Sinead Rafferty: Hi, I'm Sinead Rafferty, Portfolio Specialist at NAB Asset Management and today I'm joined by Dr Ben McCaw, Portfolio Manager at MLC. Welcome Ben.
Dr Ben McCaw: Thanks Sinead.
Sinead Rafferty: Ben, one of the strategies that's becoming more and more prevalent within the MLC portfolios is monitoring the currency exposure. Can you tell us about that role that plays in the portfolios?
Dr Ben McCaw: Foreign currency is a very important exposure in the portfolios. It's as important as any other asset class like equities and fixed income. But it's been particularly important for say the past 10 years or so, while interest rates have been extremely low. During that time we've found that it's been very difficult to diversify the portfolios using traditional fixed income exposures, this is particularly true for Inflation Plus. So foreign exchanges come as really a high index role in us controlling risk for the portfolios. But when it comes to foreign exchange it's not just a case of say looking at your unhedged versus your hedged exposure. Each individual currency pair can bring particular characteristics to the portfolio and it's the blend of foreign exchange exposures that's really important, that motivates us to embed as much as we can to the portfolios, without extending risk too much.
Sinead Rafferty: So Ben, one of those currency pairs is the Australian dollar versus the US dollar, which has fallen sharply over the last year. Can you tell us how that influences your risk management strategy?
Dr Ben McCaw: The US dollar has strengthened quite a bit over the past year and the Australian dollar's weakened at the same time, so from an Australian dollar/US dollar point of view, that change in price has been quite profound, but what hasn't happened over the past year is the Australian dollar hasn't weakened terribly much against other foreign exchange pairs like the Yen, the Euro, and Stirling.
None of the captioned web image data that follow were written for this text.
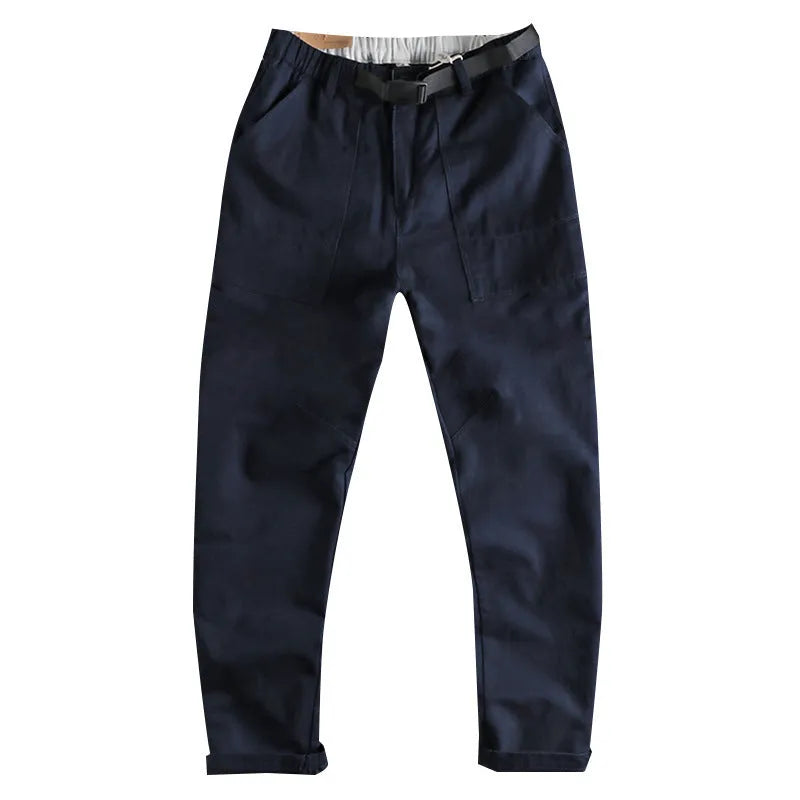 Men's khaki cotton work trousers featuring a buckle belt closure and a three-dimensional cut.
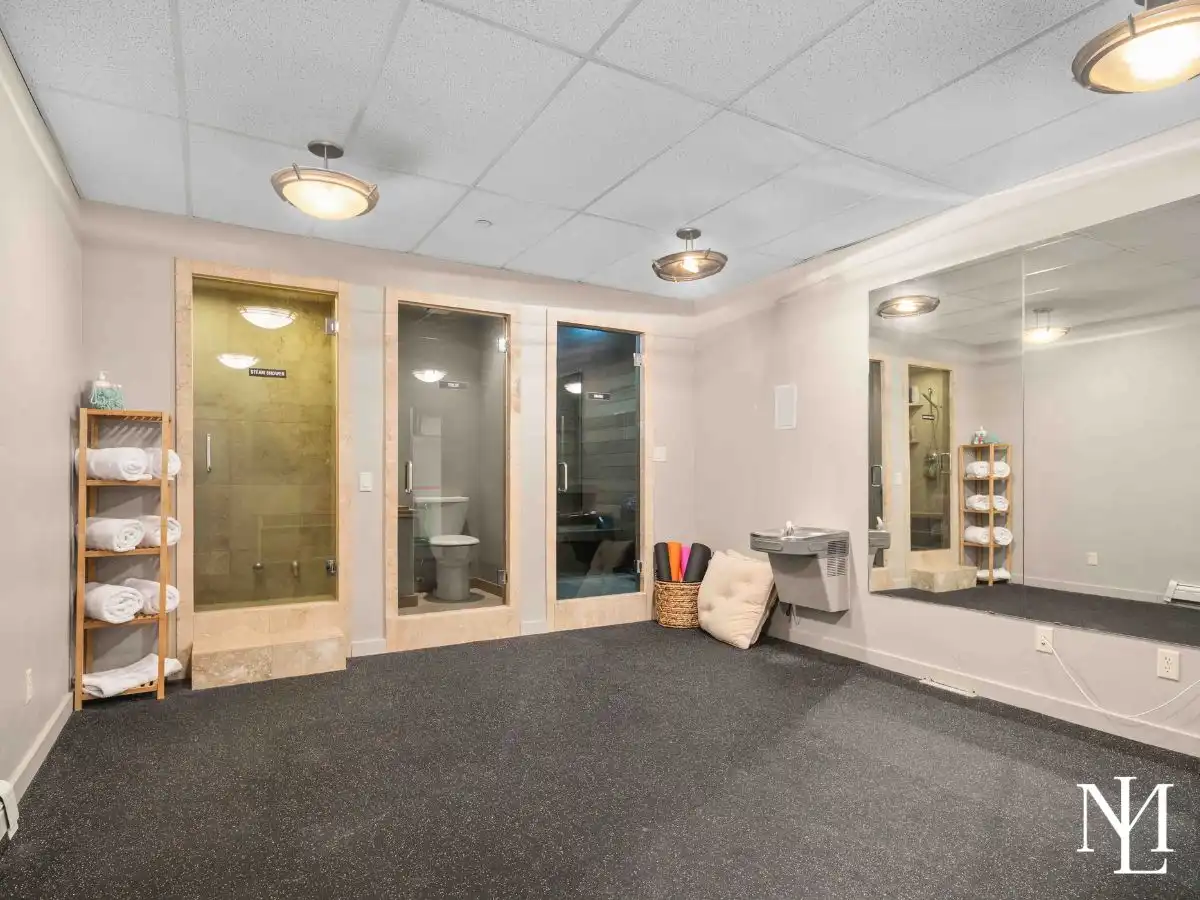 Wellness retreat with mirrored exercise space, steam shower, and spa amenities in custom Huntsville mountain residence.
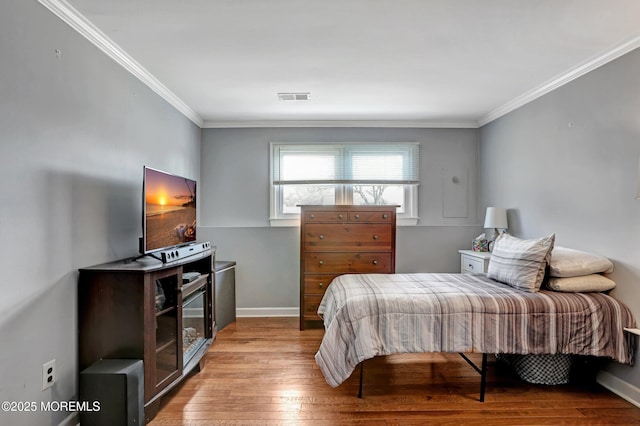 bedroom with crown molding and light hardwood / wood-style flooring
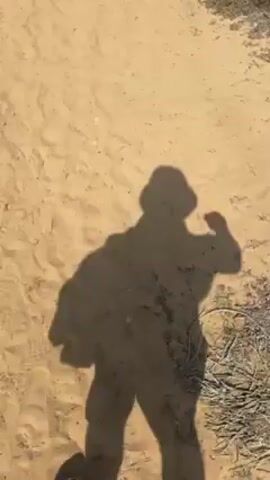 The video shows a first-person view of someone walking on a sandy path. The person is wearing sandals, and their shadow is visible on the ground, suggesting they are wearing a hat and carrying something on their back. The environment appears to be a sandy area, possibly a beach or a desert-like landscape.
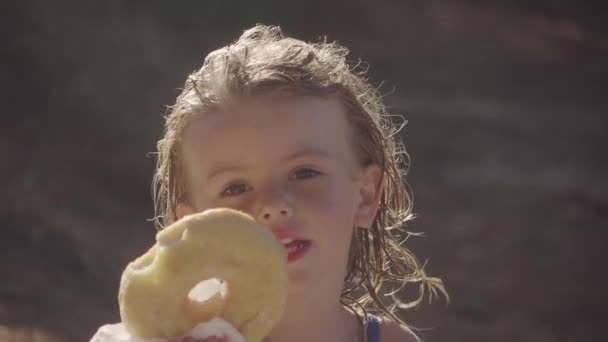 Mooi Klein Meisje Eten Een Grote Donut Het Strand — Stockvideo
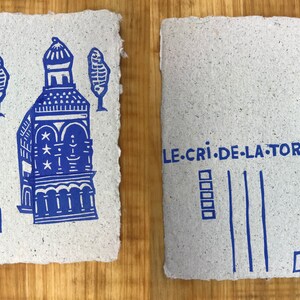 Les cartes postales des cités bleues / Linogravures Forteresse/fontaine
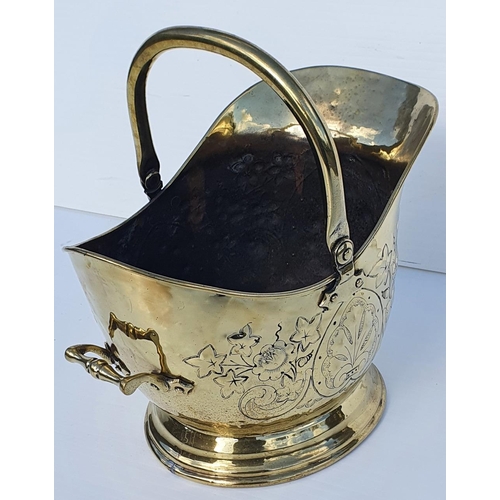 183 - A GOOD 19TH CENTURY POLISHED BRASS HELMET SHAPED COAL / LOG BUCKET, with swing handle to the top and...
So while we've lost some of the potential for diversification and risk control through the US dollar, we've found some more by exposing the portfolios more to US, Yen, and Euro, and bringing down the US dollar exposure at the same time.
Sinead Rafferty: Finally Ben, emerging market volatility has had a major impact on the Australian dollar in recent times. How does has that influenced how you manage the short term performance of the portfolios?
Dr Ben McCaw: So while we manage the currency exposures ourselves or determine which currency exposures we want, when it comes to actually determining how we're going to implement that in markets, we work very closely with our internal derivatives team. For example, I talked earlier about the role of some of the important G10 currencies in our risk management exposures. Now the issue there is that we're usually thinking on a 3, 5, or 7 year timeframe for the currencies to deliver what we think they can to the portfolios, but the reality is that foreign exchange is very volatile over the short term. So one of the things that the derivatives team has done for us, is design a strategy that helps us walk through the shorter term volatility but maintain the long term exposures that we think are ultimately beneficial for the portfolios.
Sinead Rafferty: Thanks for your time Ben, and thank you for joining us.